#### TASK TO COMPLETE
Nothing but the lines from the one containing "9 Marla House" through the last line of the data below should be returned, each exactly as it stands, pictures excluded.

● ● ● ● ● ● ●

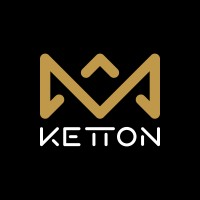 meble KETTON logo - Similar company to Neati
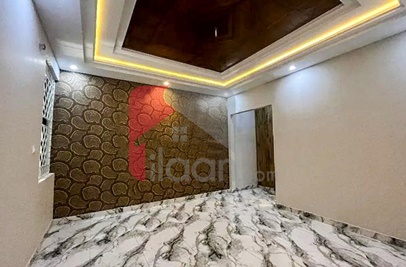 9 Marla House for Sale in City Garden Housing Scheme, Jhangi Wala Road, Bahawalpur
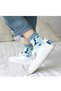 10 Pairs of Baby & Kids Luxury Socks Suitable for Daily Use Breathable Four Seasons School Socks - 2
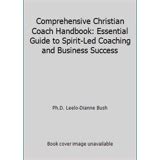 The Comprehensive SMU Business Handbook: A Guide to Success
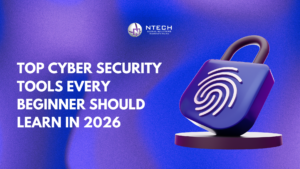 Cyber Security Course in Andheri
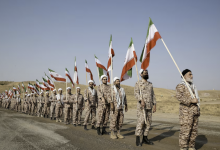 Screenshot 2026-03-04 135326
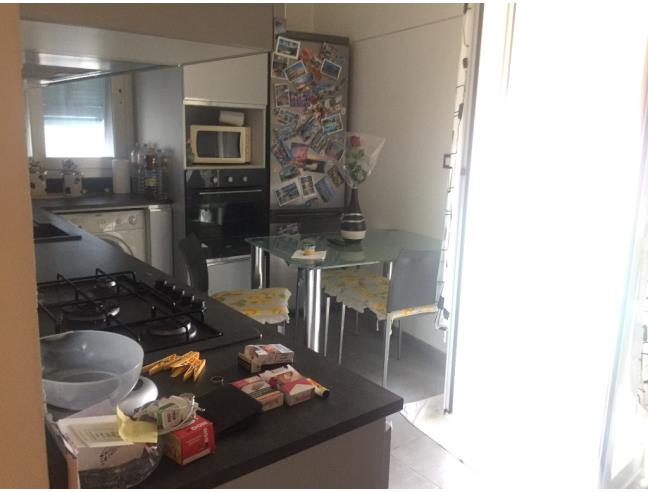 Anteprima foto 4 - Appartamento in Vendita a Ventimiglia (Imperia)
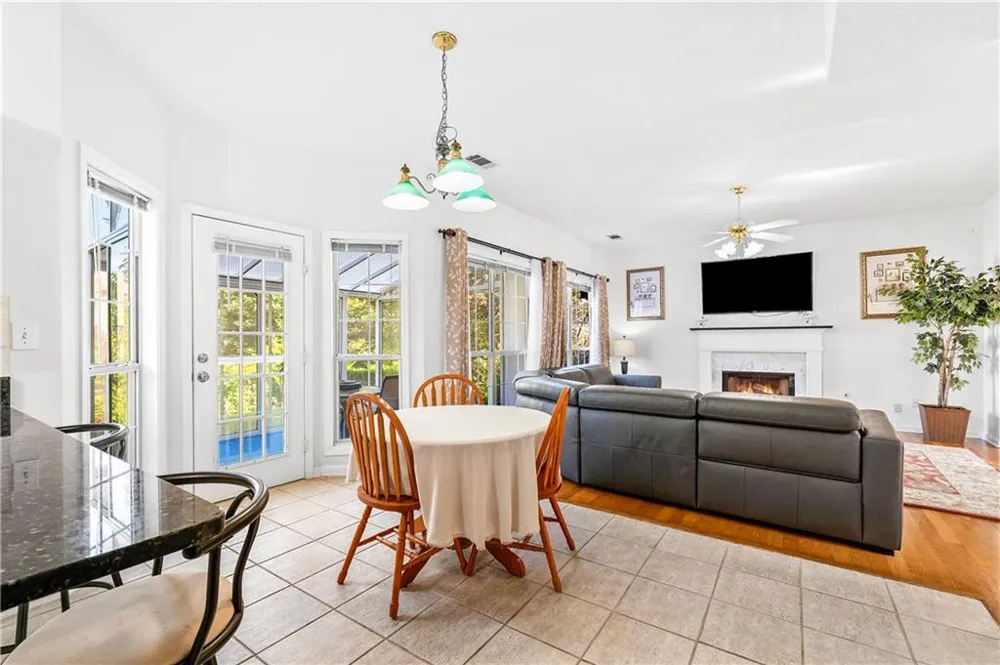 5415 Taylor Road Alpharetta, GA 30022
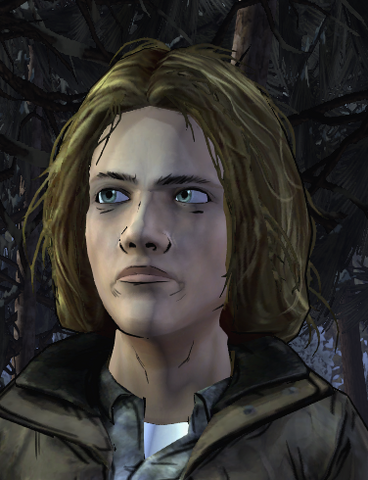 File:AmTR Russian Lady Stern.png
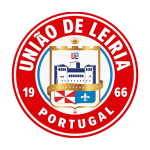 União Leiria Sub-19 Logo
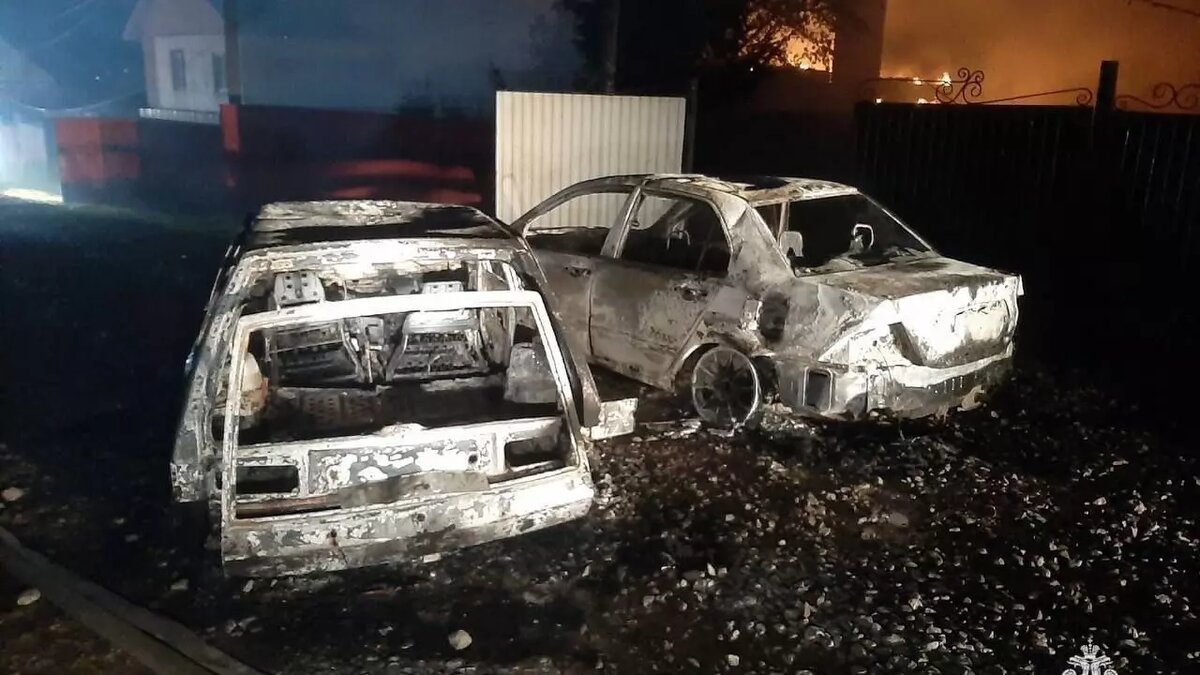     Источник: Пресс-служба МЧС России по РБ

● ● ● ● ● ● ●

#### RESPONSE FOR THIS EXERCISE
 9 Marla House for Sale in City Garden Housing Scheme, Jhangi Wala Road, Bahawalpur
 10 Pairs of Baby & Kids Luxury Socks Suitable for Daily Use Breathable Four Seasons School Socks - 2
 The Comprehensive SMU Business Handbook: A Guide to Success
 Cyber Security Course in Andheri
 Screenshot 2026-03-04 135326
 Anteprima foto 4 - Appartamento in Vendita a Ventimiglia (Imperia)
 5415 Taylor Road Alpharetta, GA 30022
 File:AmTR Russian Lady Stern.png
 União Leiria Sub-19 Logo
     Источник: Пресс-служба МЧС России по РБ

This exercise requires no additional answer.